THE PROBLEM: Word for word, retype the lines from the one containing "VENTA TERRENO PUNTA PIEDRA LAS COLINAS" to the one containing "Geekbar Z35 35K" below, keeping both end lines and dropping the pictures.

TASK INPUT:
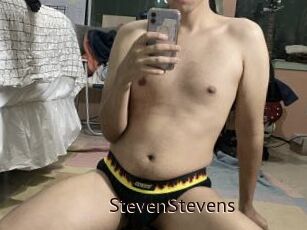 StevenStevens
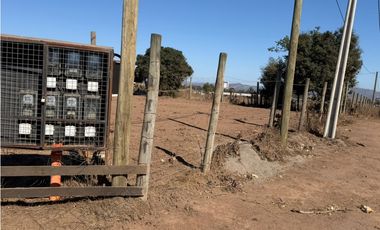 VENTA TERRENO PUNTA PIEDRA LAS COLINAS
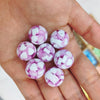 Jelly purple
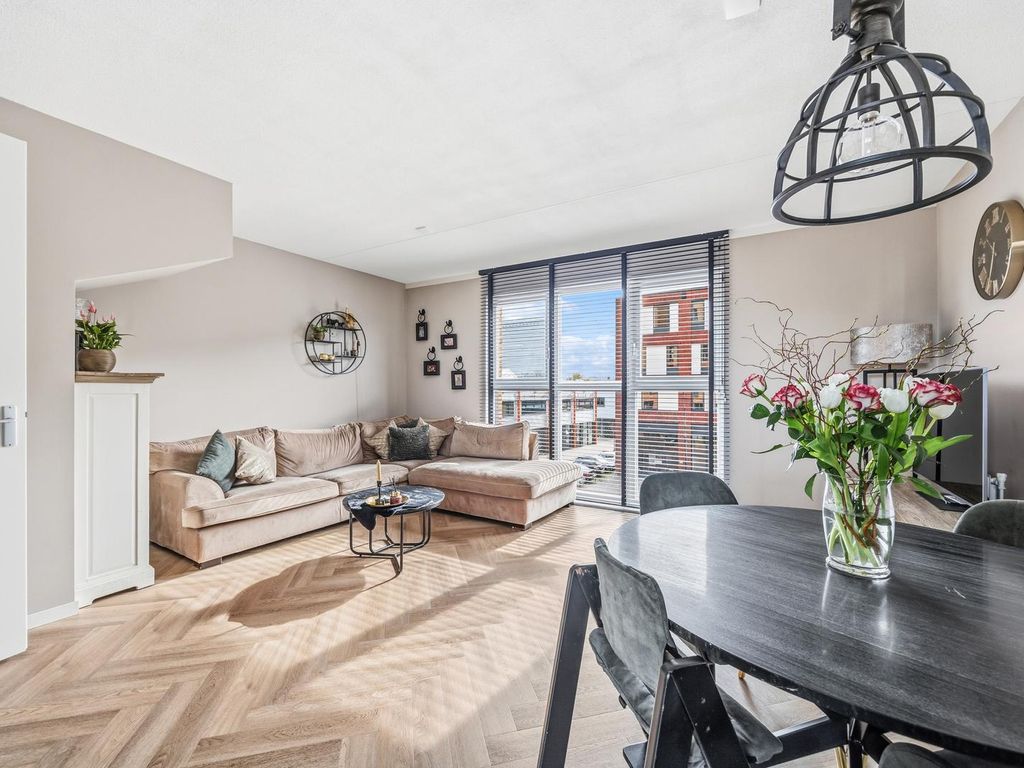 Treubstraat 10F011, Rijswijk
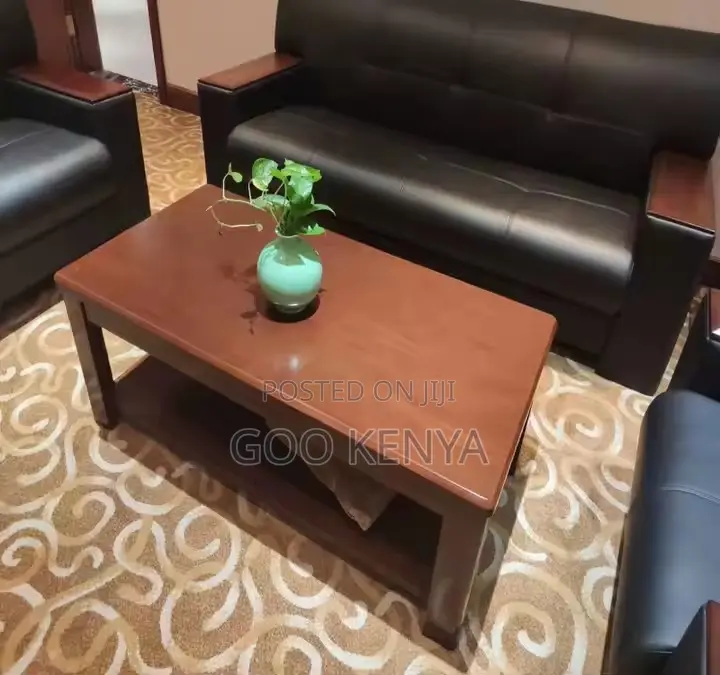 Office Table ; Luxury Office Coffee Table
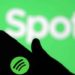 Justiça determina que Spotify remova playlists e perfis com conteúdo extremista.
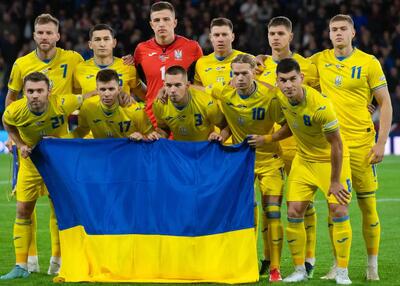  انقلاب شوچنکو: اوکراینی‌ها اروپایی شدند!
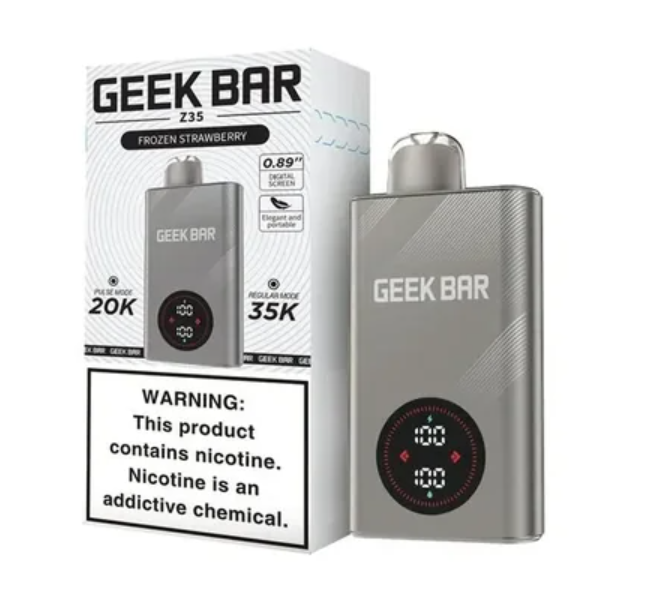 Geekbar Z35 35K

---

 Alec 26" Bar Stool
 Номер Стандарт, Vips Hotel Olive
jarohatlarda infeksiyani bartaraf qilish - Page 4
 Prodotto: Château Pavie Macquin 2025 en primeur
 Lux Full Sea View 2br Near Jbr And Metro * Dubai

---

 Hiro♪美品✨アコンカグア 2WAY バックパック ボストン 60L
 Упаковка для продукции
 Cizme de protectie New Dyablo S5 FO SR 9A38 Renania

RESPONSE AREA:
 VENTA TERRENO PUNTA PIEDRA LAS COLINAS
 Jelly purple
 Treubstraat 10F011, Rijswijk
 Office Table ; Luxury Office Coffee Table
 Justiça determina que Spotify remova playlists e perfis com conteúdo extremista.
  انقلاب شوچنکو: اوکراینی‌ها اروپایی شدند!
 Geekbar Z35 35K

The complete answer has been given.